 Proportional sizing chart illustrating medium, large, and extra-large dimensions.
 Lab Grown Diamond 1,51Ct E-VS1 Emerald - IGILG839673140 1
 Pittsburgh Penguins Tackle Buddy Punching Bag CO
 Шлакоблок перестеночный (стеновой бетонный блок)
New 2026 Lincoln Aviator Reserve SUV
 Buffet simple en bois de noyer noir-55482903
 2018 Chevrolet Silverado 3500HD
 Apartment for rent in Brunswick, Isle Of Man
********
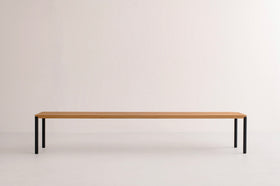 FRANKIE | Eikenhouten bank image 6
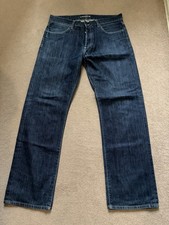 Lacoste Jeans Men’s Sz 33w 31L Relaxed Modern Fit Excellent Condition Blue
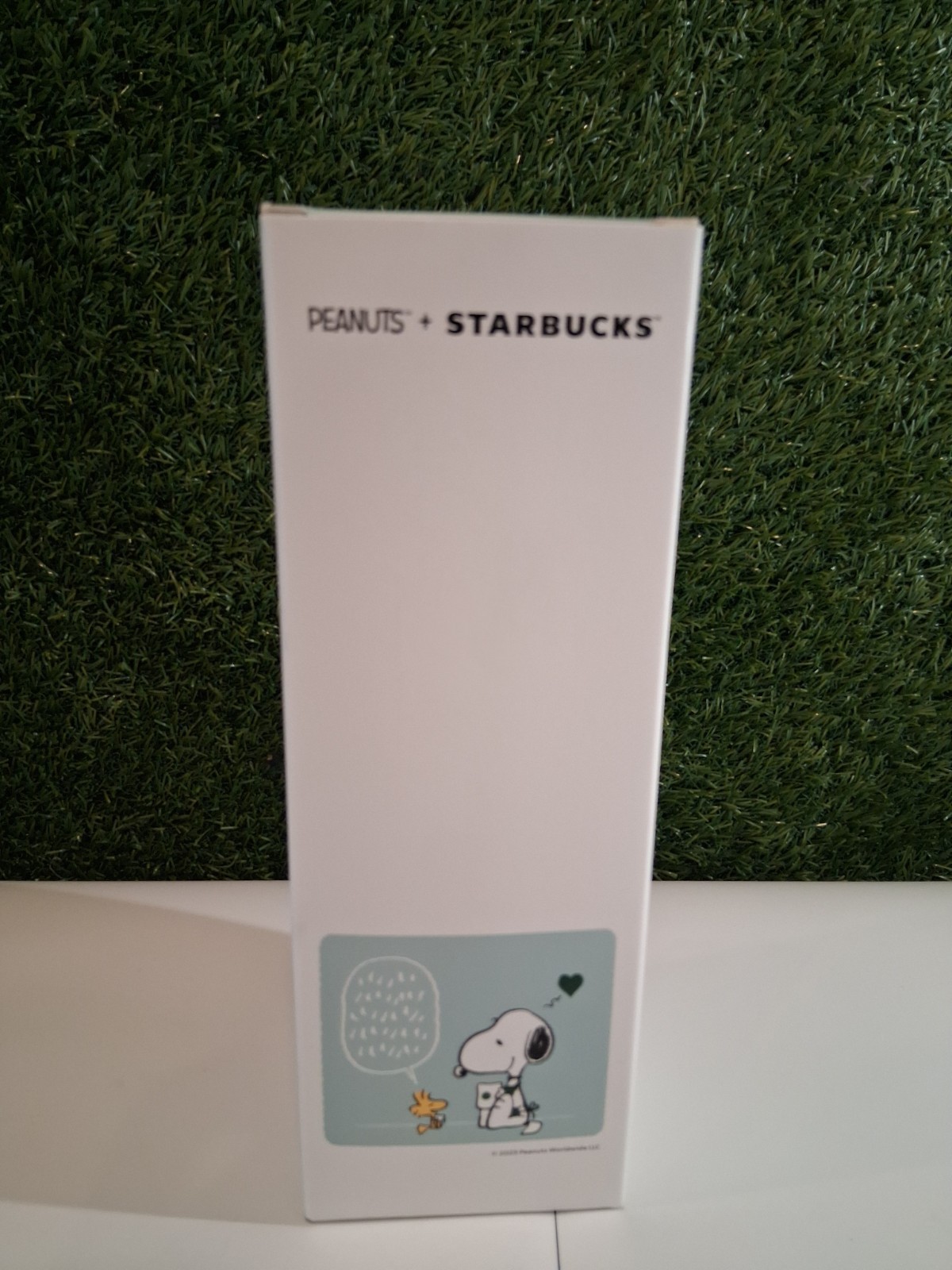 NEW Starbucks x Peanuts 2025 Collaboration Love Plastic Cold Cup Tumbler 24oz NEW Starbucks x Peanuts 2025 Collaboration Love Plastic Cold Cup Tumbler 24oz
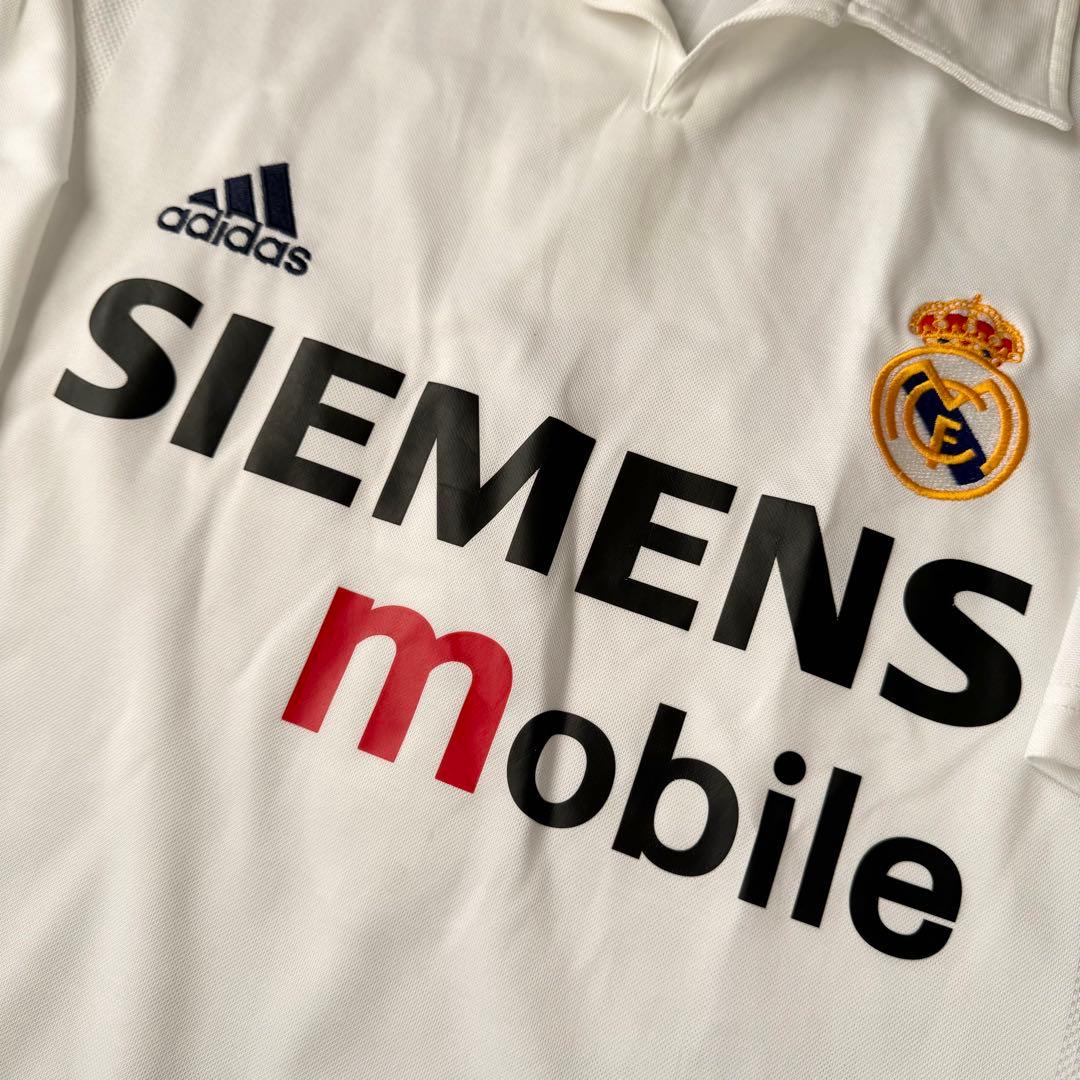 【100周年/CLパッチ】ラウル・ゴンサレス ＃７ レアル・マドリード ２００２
********
* [WORK INSTRUCTIONS] Set down, exactly as they stand above, the lines starting with the line with "Pittsburgh Penguins Tackle" and going on through the line with "Apartment for rent in Brunswick, Isle Of Man", and no others.

* [REPLY]
 Pittsburgh Penguins Tackle Buddy Punching Bag CO
 Шлакоблок перестеночный (стеновой бетонный блок)
New 2026 Lincoln Aviator Reserve SUV
 Buffet simple en bois de noyer noir-55482903
 2018 Chevrolet Silverado 3500HD
 Apartment for rent in Brunswick, Isle Of Man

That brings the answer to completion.